Task item. Return only the lines running from the top of the entries to the line with "VT license plate ZUL779", inclusive, exactly as written.

Records supplied.
<<<<

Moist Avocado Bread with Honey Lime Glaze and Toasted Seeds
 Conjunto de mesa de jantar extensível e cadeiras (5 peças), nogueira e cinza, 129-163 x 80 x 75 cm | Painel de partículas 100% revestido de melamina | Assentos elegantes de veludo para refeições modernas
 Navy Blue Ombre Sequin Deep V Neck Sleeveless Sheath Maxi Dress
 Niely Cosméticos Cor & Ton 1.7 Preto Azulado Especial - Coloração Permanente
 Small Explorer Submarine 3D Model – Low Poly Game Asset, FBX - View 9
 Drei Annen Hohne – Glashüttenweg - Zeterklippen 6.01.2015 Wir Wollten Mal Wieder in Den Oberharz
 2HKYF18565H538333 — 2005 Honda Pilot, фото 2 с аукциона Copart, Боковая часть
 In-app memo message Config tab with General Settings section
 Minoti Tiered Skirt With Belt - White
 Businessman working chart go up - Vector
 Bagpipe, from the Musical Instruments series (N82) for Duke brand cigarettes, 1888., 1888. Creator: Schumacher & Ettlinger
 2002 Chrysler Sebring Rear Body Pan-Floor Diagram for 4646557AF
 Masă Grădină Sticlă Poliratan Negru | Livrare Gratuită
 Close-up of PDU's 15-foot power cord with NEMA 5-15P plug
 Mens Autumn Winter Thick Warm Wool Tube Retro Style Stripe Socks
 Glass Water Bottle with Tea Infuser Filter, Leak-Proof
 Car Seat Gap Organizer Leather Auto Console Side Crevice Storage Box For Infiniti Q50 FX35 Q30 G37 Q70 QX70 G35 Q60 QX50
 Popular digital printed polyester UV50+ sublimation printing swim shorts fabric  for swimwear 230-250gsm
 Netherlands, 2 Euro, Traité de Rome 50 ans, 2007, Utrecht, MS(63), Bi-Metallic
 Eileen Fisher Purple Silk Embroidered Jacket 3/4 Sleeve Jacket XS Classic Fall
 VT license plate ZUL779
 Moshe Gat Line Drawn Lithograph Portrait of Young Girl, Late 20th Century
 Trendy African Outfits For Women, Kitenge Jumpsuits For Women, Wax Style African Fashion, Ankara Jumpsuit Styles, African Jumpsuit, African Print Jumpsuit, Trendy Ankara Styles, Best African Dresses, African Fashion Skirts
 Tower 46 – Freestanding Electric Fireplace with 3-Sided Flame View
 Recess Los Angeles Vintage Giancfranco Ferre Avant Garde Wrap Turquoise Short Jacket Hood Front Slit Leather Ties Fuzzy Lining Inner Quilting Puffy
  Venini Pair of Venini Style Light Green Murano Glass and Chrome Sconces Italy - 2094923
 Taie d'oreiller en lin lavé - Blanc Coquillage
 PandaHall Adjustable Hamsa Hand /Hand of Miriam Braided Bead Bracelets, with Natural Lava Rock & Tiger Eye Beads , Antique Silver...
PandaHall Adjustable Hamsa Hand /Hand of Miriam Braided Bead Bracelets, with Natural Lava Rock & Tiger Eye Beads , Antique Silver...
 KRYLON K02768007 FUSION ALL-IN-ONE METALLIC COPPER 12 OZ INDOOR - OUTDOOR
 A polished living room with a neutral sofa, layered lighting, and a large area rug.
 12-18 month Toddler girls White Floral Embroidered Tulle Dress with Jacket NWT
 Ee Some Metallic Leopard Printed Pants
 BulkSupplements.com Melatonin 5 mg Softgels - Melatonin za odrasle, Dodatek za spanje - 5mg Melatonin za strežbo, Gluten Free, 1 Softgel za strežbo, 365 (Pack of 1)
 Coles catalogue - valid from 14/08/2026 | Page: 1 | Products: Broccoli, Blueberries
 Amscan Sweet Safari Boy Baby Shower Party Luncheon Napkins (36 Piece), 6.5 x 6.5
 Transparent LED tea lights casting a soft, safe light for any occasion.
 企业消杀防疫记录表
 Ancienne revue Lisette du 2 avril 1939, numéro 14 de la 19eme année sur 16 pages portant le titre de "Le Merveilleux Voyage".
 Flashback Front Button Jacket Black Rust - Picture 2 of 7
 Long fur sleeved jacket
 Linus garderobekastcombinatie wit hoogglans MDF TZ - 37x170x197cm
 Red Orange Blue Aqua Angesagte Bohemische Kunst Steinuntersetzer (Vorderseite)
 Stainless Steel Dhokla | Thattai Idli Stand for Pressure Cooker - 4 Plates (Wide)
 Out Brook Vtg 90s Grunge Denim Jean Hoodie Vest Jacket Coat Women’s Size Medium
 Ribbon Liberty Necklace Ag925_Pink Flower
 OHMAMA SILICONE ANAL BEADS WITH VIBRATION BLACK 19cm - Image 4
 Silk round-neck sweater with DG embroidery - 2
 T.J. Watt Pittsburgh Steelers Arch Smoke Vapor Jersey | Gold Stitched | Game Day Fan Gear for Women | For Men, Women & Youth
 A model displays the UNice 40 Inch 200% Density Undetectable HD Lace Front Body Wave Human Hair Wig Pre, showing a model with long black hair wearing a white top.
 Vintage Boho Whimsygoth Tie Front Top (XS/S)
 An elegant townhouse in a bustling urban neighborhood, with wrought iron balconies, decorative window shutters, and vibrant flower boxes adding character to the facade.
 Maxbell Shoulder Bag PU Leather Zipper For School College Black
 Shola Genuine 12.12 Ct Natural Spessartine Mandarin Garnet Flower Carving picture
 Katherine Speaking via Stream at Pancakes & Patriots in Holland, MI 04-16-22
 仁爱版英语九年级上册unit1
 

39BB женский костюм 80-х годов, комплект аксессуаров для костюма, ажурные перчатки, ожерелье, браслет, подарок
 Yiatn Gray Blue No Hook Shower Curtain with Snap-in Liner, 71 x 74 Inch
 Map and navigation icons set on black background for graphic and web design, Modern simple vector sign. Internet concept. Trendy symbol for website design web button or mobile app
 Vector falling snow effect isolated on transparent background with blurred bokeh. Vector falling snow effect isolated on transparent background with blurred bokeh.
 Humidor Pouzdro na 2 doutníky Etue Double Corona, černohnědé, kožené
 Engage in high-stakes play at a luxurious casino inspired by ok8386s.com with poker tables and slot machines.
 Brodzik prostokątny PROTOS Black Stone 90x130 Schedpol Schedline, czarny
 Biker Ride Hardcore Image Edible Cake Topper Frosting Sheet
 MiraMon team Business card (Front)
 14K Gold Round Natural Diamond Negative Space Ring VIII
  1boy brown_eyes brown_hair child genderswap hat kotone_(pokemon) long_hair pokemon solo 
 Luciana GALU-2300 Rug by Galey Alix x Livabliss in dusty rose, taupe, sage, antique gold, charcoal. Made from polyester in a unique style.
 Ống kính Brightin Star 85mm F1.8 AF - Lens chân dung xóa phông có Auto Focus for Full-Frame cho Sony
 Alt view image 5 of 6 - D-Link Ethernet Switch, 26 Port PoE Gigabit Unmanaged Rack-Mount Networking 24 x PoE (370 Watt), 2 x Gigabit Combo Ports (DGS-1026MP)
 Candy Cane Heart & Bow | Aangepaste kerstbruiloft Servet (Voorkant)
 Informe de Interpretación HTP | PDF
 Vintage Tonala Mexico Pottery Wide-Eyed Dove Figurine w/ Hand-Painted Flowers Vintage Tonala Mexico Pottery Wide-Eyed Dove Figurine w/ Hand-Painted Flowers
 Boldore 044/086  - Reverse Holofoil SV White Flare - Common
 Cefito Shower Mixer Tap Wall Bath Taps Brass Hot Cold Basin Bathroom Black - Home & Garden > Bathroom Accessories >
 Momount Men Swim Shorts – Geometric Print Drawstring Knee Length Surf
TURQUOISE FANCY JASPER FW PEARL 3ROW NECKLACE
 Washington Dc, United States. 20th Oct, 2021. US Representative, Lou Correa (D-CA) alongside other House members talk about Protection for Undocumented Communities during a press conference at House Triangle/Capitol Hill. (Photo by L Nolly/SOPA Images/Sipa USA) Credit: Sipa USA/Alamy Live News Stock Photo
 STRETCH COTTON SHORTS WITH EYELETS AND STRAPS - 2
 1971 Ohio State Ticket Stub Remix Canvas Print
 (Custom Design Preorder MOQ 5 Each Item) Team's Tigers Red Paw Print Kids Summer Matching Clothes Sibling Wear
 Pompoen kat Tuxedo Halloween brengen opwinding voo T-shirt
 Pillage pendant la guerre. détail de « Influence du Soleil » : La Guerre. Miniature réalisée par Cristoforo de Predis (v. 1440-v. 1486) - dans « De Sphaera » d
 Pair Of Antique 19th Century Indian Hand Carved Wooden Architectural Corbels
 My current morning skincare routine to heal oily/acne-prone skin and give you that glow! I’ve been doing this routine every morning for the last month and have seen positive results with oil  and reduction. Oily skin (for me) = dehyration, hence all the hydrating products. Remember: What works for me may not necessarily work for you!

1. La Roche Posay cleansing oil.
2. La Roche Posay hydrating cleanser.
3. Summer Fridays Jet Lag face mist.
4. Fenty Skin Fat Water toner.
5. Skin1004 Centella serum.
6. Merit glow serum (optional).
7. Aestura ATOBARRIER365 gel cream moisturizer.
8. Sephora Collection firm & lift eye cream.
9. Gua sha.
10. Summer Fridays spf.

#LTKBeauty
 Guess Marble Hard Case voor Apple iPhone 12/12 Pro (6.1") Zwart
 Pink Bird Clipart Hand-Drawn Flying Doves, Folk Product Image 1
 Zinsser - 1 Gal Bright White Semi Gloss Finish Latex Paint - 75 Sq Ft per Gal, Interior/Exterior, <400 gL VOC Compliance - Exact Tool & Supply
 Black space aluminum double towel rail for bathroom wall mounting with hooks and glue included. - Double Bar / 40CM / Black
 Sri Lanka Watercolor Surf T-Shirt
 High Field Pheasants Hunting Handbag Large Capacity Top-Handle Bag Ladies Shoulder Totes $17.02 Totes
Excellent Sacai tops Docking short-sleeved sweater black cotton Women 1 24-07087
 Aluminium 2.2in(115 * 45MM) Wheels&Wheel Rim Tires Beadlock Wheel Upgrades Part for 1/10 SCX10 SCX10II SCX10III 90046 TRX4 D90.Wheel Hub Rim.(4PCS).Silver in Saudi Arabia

>>>>

Solution to this exercise.
Moist Avocado Bread with Honey Lime Glaze and Toasted Seeds
 Conjunto de mesa de jantar extensível e cadeiras (5 peças), nogueira e cinza, 129-163 x 80 x 75 cm | Painel de partículas 100% revestido de melamina | Assentos elegantes de veludo para refeições modernas
 Navy Blue Ombre Sequin Deep V Neck Sleeveless Sheath Maxi Dress
 Niely Cosméticos Cor & Ton 1.7 Preto Azulado Especial - Coloração Permanente
 Small Explorer Submarine 3D Model – Low Poly Game Asset, FBX - View 9
 Drei Annen Hohne – Glashüttenweg - Zeterklippen 6.01.2015 Wir Wollten Mal Wieder in Den Oberharz
 2HKYF18565H538333 — 2005 Honda Pilot, фото 2 с аукциона Copart, Боковая часть
 In-app memo message Config tab with General Settings section
 Minoti Tiered Skirt With Belt - White
 Businessman working chart go up - Vector
 Bagpipe, from the Musical Instruments series (N82) for Duke brand cigarettes, 1888., 1888. Creator: Schumacher & Ettlinger
 2002 Chrysler Sebring Rear Body Pan-Floor Diagram for 4646557AF
 Masă Grădină Sticlă Poliratan Negru | Livrare Gratuită
 Close-up of PDU's 15-foot power cord with NEMA 5-15P plug
 Mens Autumn Winter Thick Warm Wool Tube Retro Style Stripe Socks
 Glass Water Bottle with Tea Infuser Filter, Leak-Proof
 Car Seat Gap Organizer Leather Auto Console Side Crevice Storage Box For Infiniti Q50 FX35 Q30 G37 Q70 QX70 G35 Q60 QX50
 Popular digital printed polyester UV50+ sublimation printing swim shorts fabric  for swimwear 230-250gsm
 Netherlands, 2 Euro, Traité de Rome 50 ans, 2007, Utrecht, MS(63), Bi-Metallic
 Eileen Fisher Purple Silk Embroidered Jacket 3/4 Sleeve Jacket XS Classic Fall
 VT license plate ZUL779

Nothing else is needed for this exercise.